This week, Fariha Róisín offers both timely and timeless wisdom on what it means to live in a body that has experienced trauma. This is a conversation that bears witness to the deep terror and distress of the world and still charges forward with undying compassion and care – the compassion and care of wild survival. 


Offering both deep personal reflection and spacious contemplation about the state of the world, Fariha reminds us that our bodies guide us to what we need. This episode brings up the things that we so often don’t want to touch – trauma, abuse, global systems of disregard – and handles them with care and love.
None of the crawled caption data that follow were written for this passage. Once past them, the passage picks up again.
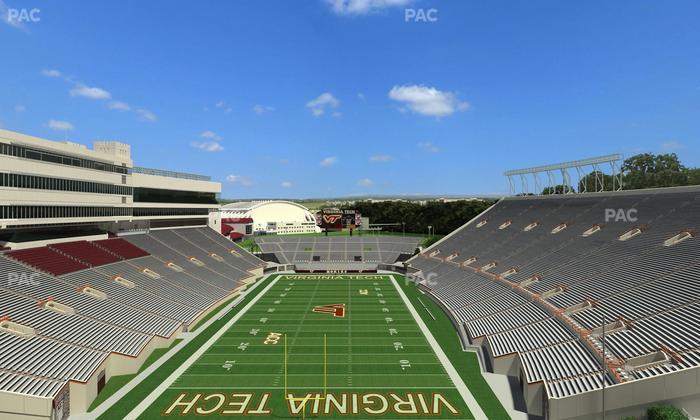 Lane Stadium - Section 505 Seat View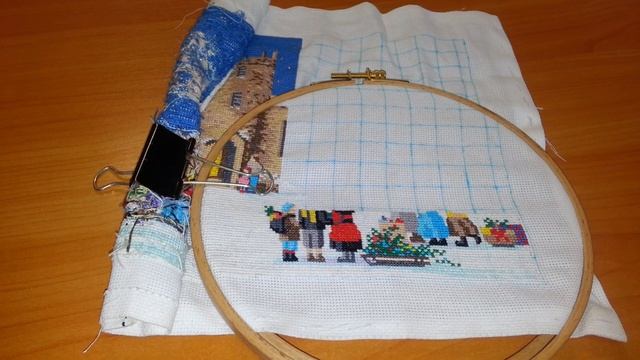 Вышивка крестом.Отчет по СП МОЙ ДОЛГОСТРОЙ. смотреть онлайн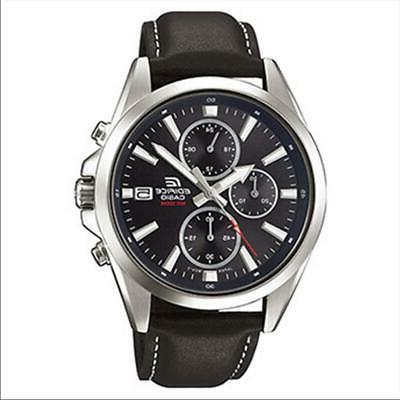 orologio edifice efv 560l 1avuef cinturino pelle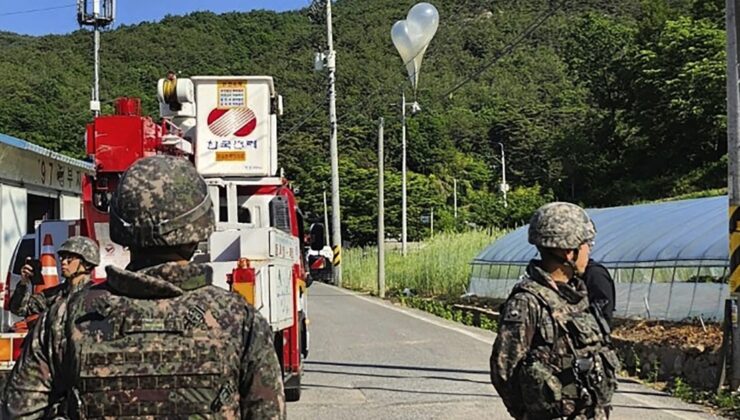 Kuzey Kore, Güney Kore'ye yine "çöp balonu" gönderdi – En Son Haberler | Dış Haberler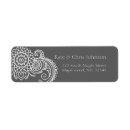 Search for scroll return address labels Vintage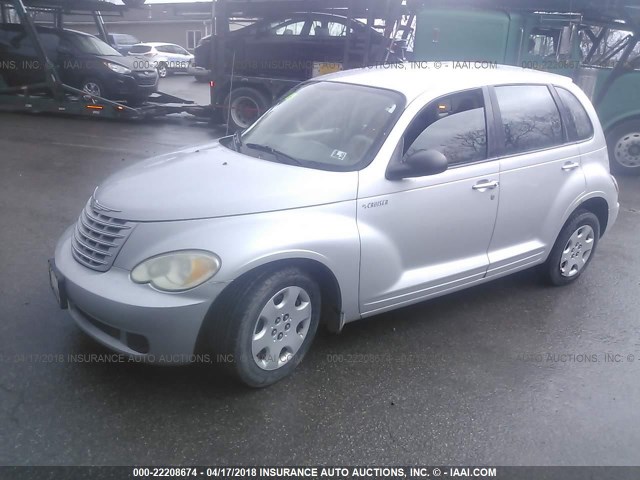 3A4FY48B76T218989 - 2006 CHRYSLER PT CRUISER SILVER photo 2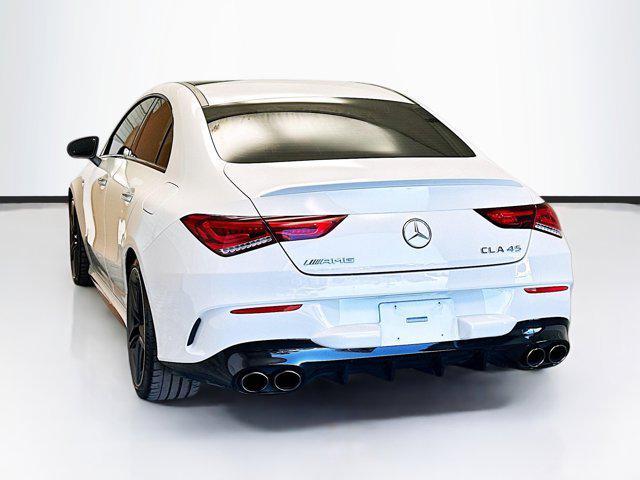 used 2022 Mercedes-Benz AMG CLA 45 car, priced at $46,998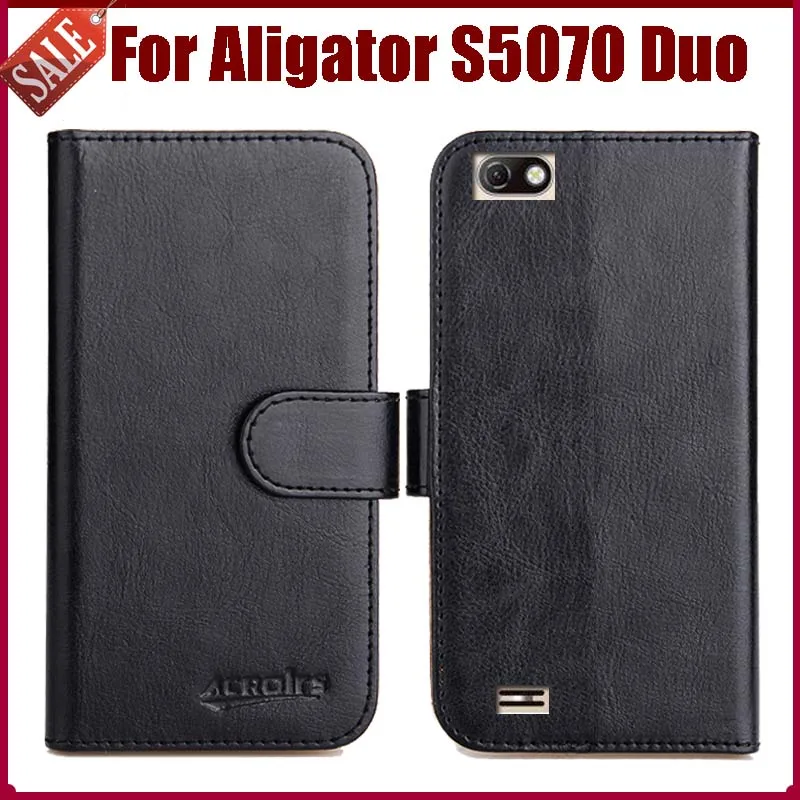 

Лидер продаж! Чехол для Aligator S5070 Duo, Новое поступление, 6 цветов, высокое качество, защитный кожаный флип-чехол для Aligator S5070 Duo, чехол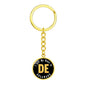Heart In Delaware - Luxury Keychain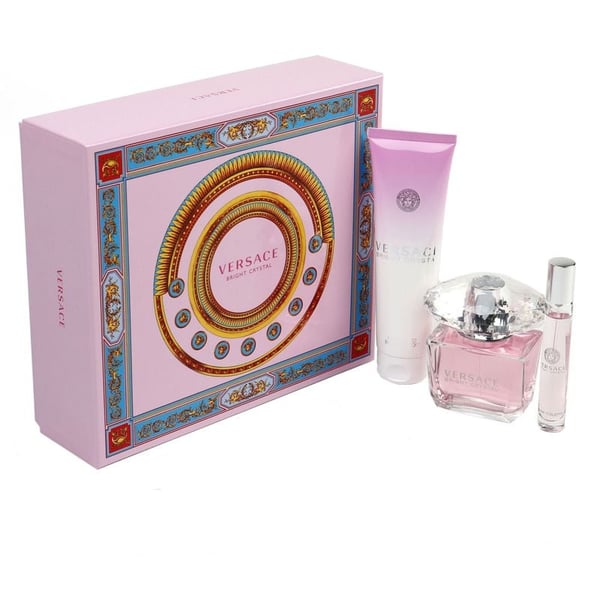 Versace Bright Crystal Perfume Gift Set For Women 90ml+150ml+10ml Eau de Toilette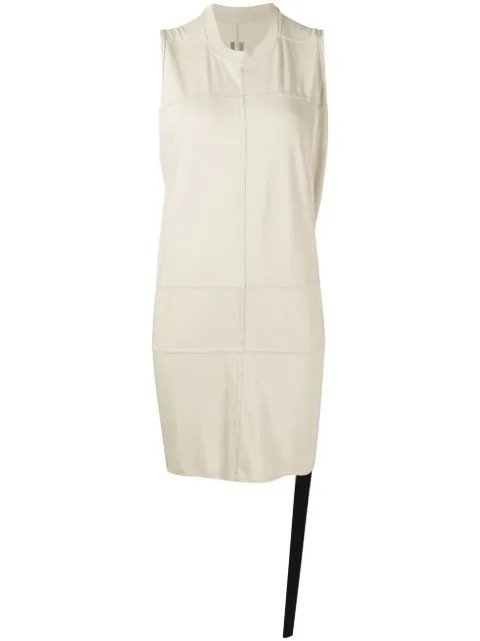 Rick Owens DRKSHDW panelled crew-neck tank top Green DS02B4105RN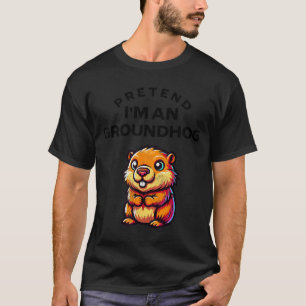 Camiseta Fingir que sou um esquilo engraçado disfarce pregu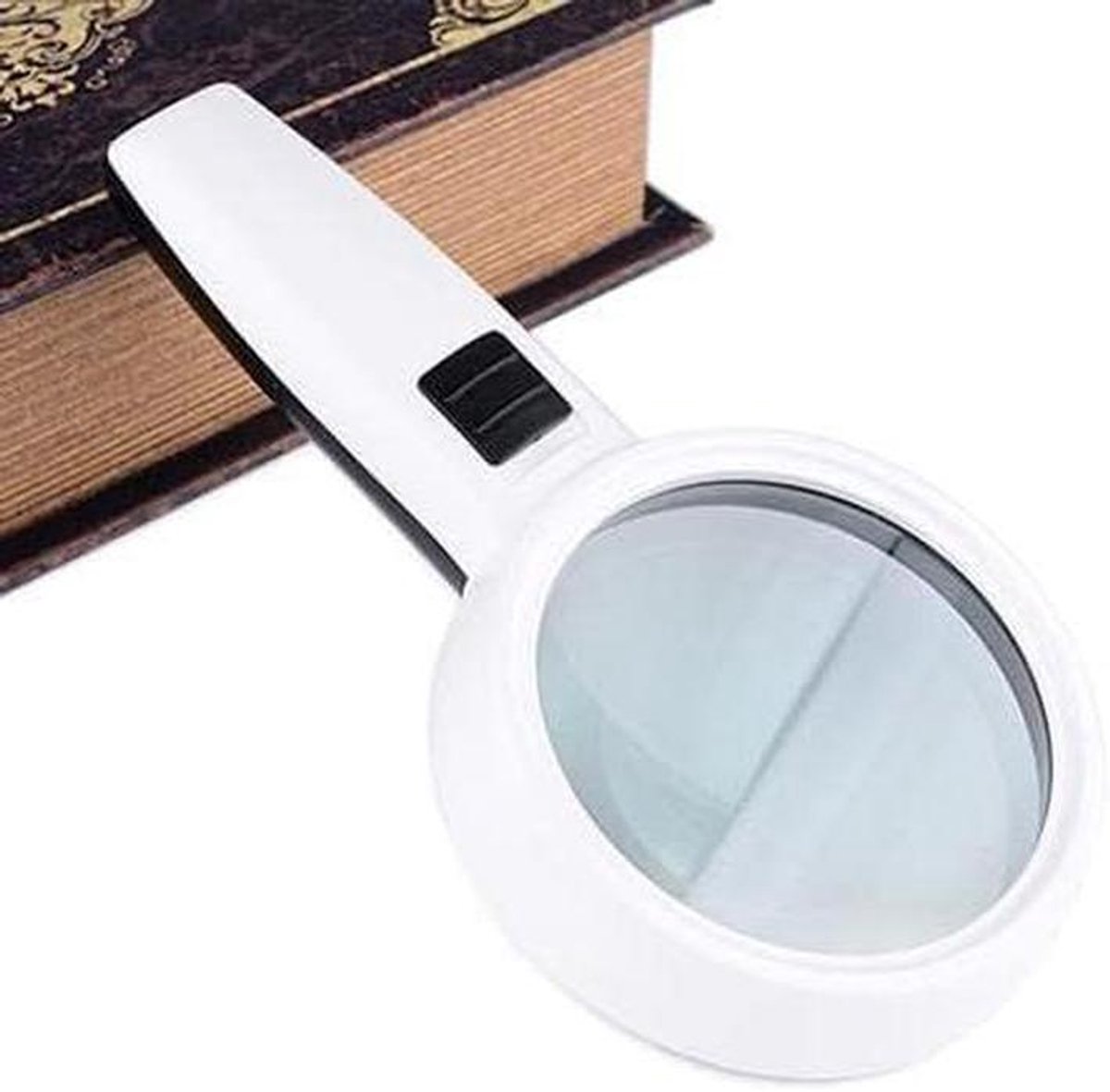 Vergrootglas met LED - Loep met Lamp - Lezen en Bekijken - 30x Vergroting - 90 mm Lens - Wit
Fariha shows us what it means to take pain seriously.


Throughout the episode Fariha threads in a profound relationship with god, and a type of faith that is filled with questioning, fueled by queer thought, and driven by love. In even the darkest of times we can turn to love, accountability, and community to find the care that we need. 


Fariha Róisín is a multidisciplinary artist, born in Ontario, Canada. She was raised in Sydney, Australia, and is based in Los Angeles. As a Muslim queer Bangladeshi, she is interested in the margins, in liminality, otherness and the mercurial nature of being. Her work has pioneered a refreshing and renewed conversation about wellness, contemporary Islam and queer identities and has been featured in The New York Times, Al Jazeera, The Guardian, and Vogue. She is the author of the poetry collection How To Cure A Ghost (2019), as well as the novel Like A Bird (2020), Who Is Wellness For? (2022) and her second book of poetry is entitled Survival Takes a Wild Imagination, due fall 2023.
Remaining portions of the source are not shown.